Why isn't hashmap insertion `O(1)` worst-case when separate chaining is used?

Question

I have learned how a hashmap is implemented: an array of linked lists, if separate chaining is used. I know that when a key-value pair (key, val) is inserted, the hashmap inserts the pair {key, val} in the linked list at entry hash(key) % array.size in the underlying array.

So, for the insertion process, all that is done is

• A computation of the hash function; also,
• A modulo operation (take the hash modulo the array size); also,
• An array access; finally,
• Allocating a linked list node and inserting it into the linked list.

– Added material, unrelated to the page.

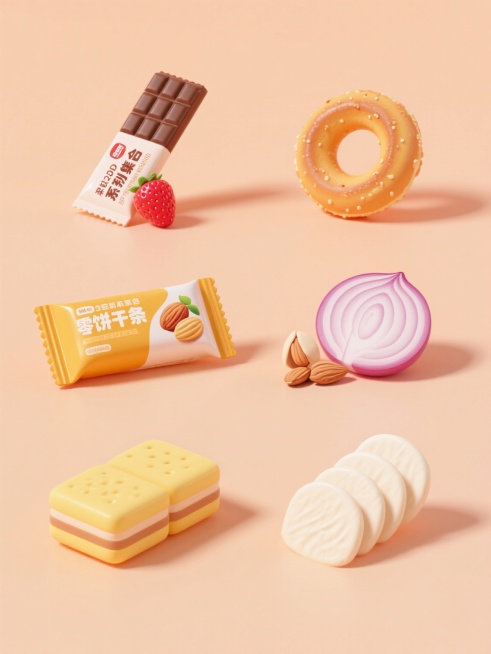 软3D风格的零食系列素材集合海报，纯色背景（非白色，如柔和的浅橙色），整体色彩明快活泼，展示6个完全不同种类的零食，包括巧克力棒、草莓味饼干条、洋葱圈、杏仁坚果、黄色方形糕点、白色薄片状点心，每种零食造型饱满立体，具有光滑的材质感和轻微的高光效果，零食包装设计简洁，带有清晰的产品名称和图案，所有零食整齐有序地排列在画面中，形成均衡的视觉布局，营造出诱人、欢快的氛围，符合食品宣传海报的设计感，视……预览效果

However, isn't this insertion process O(1), assuming the hash is O(1), because everything is then O(1) except possibly the linked list insertion, and for the linked list insertion, couldn't we always choose to insert the pair at the beginning of the linked list, which is O(1)? Isn't this O(1) always? If so, then why don't hash tables use this strategy?

Answer 1

Typically you don't want duplicate keys in any sort of map, ie when you try to insert a pair (key, value) you need to check whether that key already exists in the map or not. For this check you have to

1. Find the respective bucket via hash(key)
2. Check if key already exists in that bucket

And for checking if the key already exists, you have to iterate the bucket, which can have n elements. Thus, with buckets impelemented as linked list, the worst-case for insert is still O(n)

There are other implementations, that implement the buckets as balanced trees. With that implementation you can lower the worst-case for insert to O(log n)